The Audacity Of Poke

These are interesting times, made even more interesting by the unveiling of Facebook's new Open Graph Protocol. To say that this has not been in the works would be an omission of a grievous nature. It has been coming for a while, even if the pundits have been screaming something else from the rooftops: that Facebook – because of their closed nature – is threat to Google. There has never been greater misunderstanding of how both Facebook and Google work than to claim something like that.

That said, what I want to talk about is something else, but, before we can get to that, it is important to understand why Facebook is doing this. Much like any profit-oriented company (like Google, Microsoft and many others), Facebook wants to exist in a world where demand for its product will keep increasing by any suitable measure of growth spread over time. A purely social networking product cannot accomplish this. You have seen this with Friendster, Myspace and Orkut. Being closed, walled off and limited reduces your value in the world, because you then present the users with only limited use cases. To accomplish growth (in roughly the same terms as Google), you need to be a generalist company and not a company that focuses on the specific niche of personal connections.

Remaining a walled garden diminishes the potential of the product called Facebook. What diminishes it even more is for Facebook to remain a product that is only a facilitator of connections or virtual farming. Sure, it is a nice thing to be able to reconnect with long-lost classmates, relatives and whatnot, but those are not things you will do on a daily basis once the fad dies down. To be where Facebook wants to be at, they want to be relevant to you on a near-constant basis. The range possibilities in adding that kind of value within the previous Facebook ecosystem is rather limited. Yes, there is a lot of poring over photographs of newly overweight former friends and flames, but that has intent backing it which is of little value. In other words, it is brilliant as a time sink, but it sucks as something that is backed by little actionable/convertible/monetizable intent.
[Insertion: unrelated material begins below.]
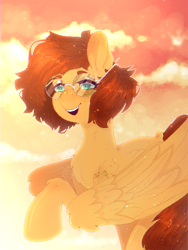 Size: 768x1024 | Tagged: safe, oc, oc:yuris, pegasus, pony, flying, freckles, glasses, open mouth, sky, smiling, solo, sunset, trade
Contrary to what the pundits have been proclaiming for a long time now (that they will make Google and others bow in front of them because of their walled gardens), Facebook needs its walls to drop to increase usage and relevance. I have been saying it for a while that a closed Facebook has limited potential, what you are seeing now is the opening up of those walls to address a far larger possibility/potential. Facebook, having tired of knowing 'you' within the walled gardens now wants to know 'you' outside of it. It is an audacious move, as mentioned in the title, for a few reasons, but we will tackle that later. Before that, we need to see how we got to where we are today.

If you look at it, there has been roughly three stages in the evolution of the internet:

  1. Few Deciding For The Many: In the first phase, very few could publish on the internet. In the pre-search engine era, both content producers and curators were few in number. The old school media publications and a few portals held all the power. Lack of choice meant that you had really nowhere to go, other than where the few influentials thought you should go to.
  2. Many Deciding On Their Own: In the next phase, the era of the search engines and the aggregators, both content production and curation became far cheaper and widespread. Aided by the search engines, discovery became easier too as a result. This led to an openness of information and an odd democracy of information online, leading to disenfranchisement of the former power players like media houses and portals.
  3. Many Deciding Through The Few: What we are stepping into is now phase three, where, as a reflection of the plight of humanity, too much choice is not actually treasured by most. People feel lost when given control of their own choices, paths and destinations in life. They'd rather have it chosen for them. Thus exists the need to be driven by what our peers, friends and groups that we can easily identify with, than the urge to experience the freedom of choices as it is possible now. This is what Facebook is counting on and I am afraid they will succeed in it – though, to what extent they will succeed remains to be seen.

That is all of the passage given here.